What is required
Hand back all of the records exactly as they read.
· · · · · · ·
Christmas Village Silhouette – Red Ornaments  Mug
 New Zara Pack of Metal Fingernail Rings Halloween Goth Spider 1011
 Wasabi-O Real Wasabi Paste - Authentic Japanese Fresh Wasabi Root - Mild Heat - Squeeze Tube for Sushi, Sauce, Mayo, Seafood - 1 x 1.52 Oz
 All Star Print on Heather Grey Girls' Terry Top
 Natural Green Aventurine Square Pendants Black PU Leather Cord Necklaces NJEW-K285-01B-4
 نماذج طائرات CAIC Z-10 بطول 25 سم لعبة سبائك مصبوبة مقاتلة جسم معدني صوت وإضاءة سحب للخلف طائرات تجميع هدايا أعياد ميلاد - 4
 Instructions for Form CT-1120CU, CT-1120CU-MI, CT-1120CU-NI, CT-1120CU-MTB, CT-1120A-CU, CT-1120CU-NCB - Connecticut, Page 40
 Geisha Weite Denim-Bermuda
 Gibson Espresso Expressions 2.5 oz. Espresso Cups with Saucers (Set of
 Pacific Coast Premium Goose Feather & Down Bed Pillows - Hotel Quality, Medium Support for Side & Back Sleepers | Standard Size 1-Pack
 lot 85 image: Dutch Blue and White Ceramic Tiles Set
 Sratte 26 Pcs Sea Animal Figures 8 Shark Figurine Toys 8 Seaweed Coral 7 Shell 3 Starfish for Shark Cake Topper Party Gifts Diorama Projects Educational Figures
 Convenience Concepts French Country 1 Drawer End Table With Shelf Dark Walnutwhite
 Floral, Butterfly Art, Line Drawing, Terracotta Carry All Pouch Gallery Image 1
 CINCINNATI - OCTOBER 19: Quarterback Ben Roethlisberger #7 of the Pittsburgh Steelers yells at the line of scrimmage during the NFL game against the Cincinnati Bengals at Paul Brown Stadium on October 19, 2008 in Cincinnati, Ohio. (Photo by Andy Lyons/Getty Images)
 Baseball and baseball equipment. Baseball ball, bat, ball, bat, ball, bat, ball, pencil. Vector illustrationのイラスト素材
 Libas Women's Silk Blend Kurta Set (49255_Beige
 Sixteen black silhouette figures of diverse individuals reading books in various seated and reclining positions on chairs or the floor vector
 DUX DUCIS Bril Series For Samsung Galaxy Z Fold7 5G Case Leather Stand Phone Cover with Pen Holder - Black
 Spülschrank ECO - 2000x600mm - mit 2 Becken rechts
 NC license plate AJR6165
· · · · · · ·
Solution for this problem
Christmas Village Silhouette – Red Ornaments  Mug
 New Zara Pack of Metal Fingernail Rings Halloween Goth Spider 1011
 Wasabi-O Real Wasabi Paste - Authentic Japanese Fresh Wasabi Root - Mild Heat - Squeeze Tube for Sushi, Sauce, Mayo, Seafood - 1 x 1.52 Oz
 All Star Print on Heather Grey Girls' Terry Top
 Natural Green Aventurine Square Pendants Black PU Leather Cord Necklaces NJEW-K285-01B-4
 نماذج طائرات CAIC Z-10 بطول 25 سم لعبة سبائك مصبوبة مقاتلة جسم معدني صوت وإضاءة سحب للخلف طائرات تجميع هدايا أعياد ميلاد - 4
 Instructions for Form CT-1120CU, CT-1120CU-MI, CT-1120CU-NI, CT-1120CU-MTB, CT-1120A-CU, CT-1120CU-NCB - Connecticut, Page 40
 Geisha Weite Denim-Bermuda
 Gibson Espresso Expressions 2.5 oz. Espresso Cups with Saucers (Set of
 Pacific Coast Premium Goose Feather & Down Bed Pillows - Hotel Quality, Medium Support for Side & Back Sleepers | Standard Size 1-Pack
 lot 85 image: Dutch Blue and White Ceramic Tiles Set
 Sratte 26 Pcs Sea Animal Figures 8 Shark Figurine Toys 8 Seaweed Coral 7 Shell 3 Starfish for Shark Cake Topper Party Gifts Diorama Projects Educational Figures
 Convenience Concepts French Country 1 Drawer End Table With Shelf Dark Walnutwhite
 Floral, Butterfly Art, Line Drawing, Terracotta Carry All Pouch Gallery Image 1
 CINCINNATI - OCTOBER 19: Quarterback Ben Roethlisberger #7 of the Pittsburgh Steelers yells at the line of scrimmage during the NFL game against the Cincinnati Bengals at Paul Brown Stadium on October 19, 2008 in Cincinnati, Ohio. (Photo by Andy Lyons/Getty Images)
 Baseball and baseball equipment. Baseball ball, bat, ball, bat, ball, bat, ball, pencil. Vector illustrationのイラスト素材
 Libas Women's Silk Blend Kurta Set (49255_Beige
 Sixteen black silhouette figures of diverse individuals reading books in various seated and reclining positions on chairs or the floor vector
 DUX DUCIS Bril Series For Samsung Galaxy Z Fold7 5G Case Leather Stand Phone Cover with Pen Holder - Black
 Spülschrank ECO - 2000x600mm - mit 2 Becken rechts
 NC license plate AJR6165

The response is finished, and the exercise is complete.